• [Work request] Write out each entry word for word.

Brief descriptive captions
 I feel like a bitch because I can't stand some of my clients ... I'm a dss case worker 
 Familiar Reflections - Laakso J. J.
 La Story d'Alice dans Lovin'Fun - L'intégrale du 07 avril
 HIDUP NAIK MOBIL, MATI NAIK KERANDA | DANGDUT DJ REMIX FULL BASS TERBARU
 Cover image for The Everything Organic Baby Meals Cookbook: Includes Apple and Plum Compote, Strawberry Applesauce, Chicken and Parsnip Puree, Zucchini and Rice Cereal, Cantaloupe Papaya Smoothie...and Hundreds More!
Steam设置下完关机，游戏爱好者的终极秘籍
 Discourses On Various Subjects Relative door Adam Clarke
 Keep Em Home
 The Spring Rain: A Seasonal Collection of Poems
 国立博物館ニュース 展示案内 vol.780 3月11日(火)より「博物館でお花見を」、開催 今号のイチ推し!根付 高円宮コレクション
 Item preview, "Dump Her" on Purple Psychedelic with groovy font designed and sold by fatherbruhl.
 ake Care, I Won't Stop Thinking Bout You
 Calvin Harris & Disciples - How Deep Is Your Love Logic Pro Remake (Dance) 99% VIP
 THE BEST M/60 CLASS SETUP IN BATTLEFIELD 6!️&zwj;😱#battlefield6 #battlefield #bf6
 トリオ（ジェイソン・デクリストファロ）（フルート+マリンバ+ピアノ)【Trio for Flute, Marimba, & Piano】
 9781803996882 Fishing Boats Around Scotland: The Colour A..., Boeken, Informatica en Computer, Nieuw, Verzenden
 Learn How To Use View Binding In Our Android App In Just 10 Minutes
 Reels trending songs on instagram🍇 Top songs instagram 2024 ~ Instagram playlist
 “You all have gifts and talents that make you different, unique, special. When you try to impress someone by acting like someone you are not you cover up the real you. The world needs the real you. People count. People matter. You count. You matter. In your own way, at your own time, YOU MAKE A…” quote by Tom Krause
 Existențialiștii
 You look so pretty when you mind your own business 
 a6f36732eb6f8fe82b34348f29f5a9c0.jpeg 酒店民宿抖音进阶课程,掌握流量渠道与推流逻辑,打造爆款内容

• [The answer]
 I feel like a bitch because I can't stand some of my clients ... I'm a dss case worker 
 Familiar Reflections - Laakso J. J.
 La Story d'Alice dans Lovin'Fun - L'intégrale du 07 avril
 HIDUP NAIK MOBIL, MATI NAIK KERANDA | DANGDUT DJ REMIX FULL BASS TERBARU
 Cover image for The Everything Organic Baby Meals Cookbook: Includes Apple and Plum Compote, Strawberry Applesauce, Chicken and Parsnip Puree, Zucchini and Rice Cereal, Cantaloupe Papaya Smoothie...and Hundreds More!
Steam设置下完关机，游戏爱好者的终极秘籍
 Discourses On Various Subjects Relative door Adam Clarke
 Keep Em Home
 The Spring Rain: A Seasonal Collection of Poems
 国立博物館ニュース 展示案内 vol.780 3月11日(火)より「博物館でお花見を」、開催 今号のイチ推し!根付 高円宮コレクション
 Item preview, "Dump Her" on Purple Psychedelic with groovy font designed and sold by fatherbruhl.
 ake Care, I Won't Stop Thinking Bout You
 Calvin Harris & Disciples - How Deep Is Your Love Logic Pro Remake (Dance) 99% VIP
 THE BEST M/60 CLASS SETUP IN BATTLEFIELD 6!️&zwj;😱#battlefield6 #battlefield #bf6
 トリオ（ジェイソン・デクリストファロ）（フルート+マリンバ+ピアノ)【Trio for Flute, Marimba, & Piano】
 9781803996882 Fishing Boats Around Scotland: The Colour A..., Boeken, Informatica en Computer, Nieuw, Verzenden
 Learn How To Use View Binding In Our Android App In Just 10 Minutes
 Reels trending songs on instagram🍇 Top songs instagram 2024 ~ Instagram playlist
 “You all have gifts and talents that make you different, unique, special. When you try to impress someone by acting like someone you are not you cover up the real you. The world needs the real you. People count. People matter. You count. You matter. In your own way, at your own time, YOU MAKE A…” quote by Tom Krause
 Existențialiștii
 You look so pretty when you mind your own business 
 a6f36732eb6f8fe82b34348f29f5a9c0.jpeg 酒店民宿抖音进阶课程,掌握流量渠道与推流逻辑,打造爆款内容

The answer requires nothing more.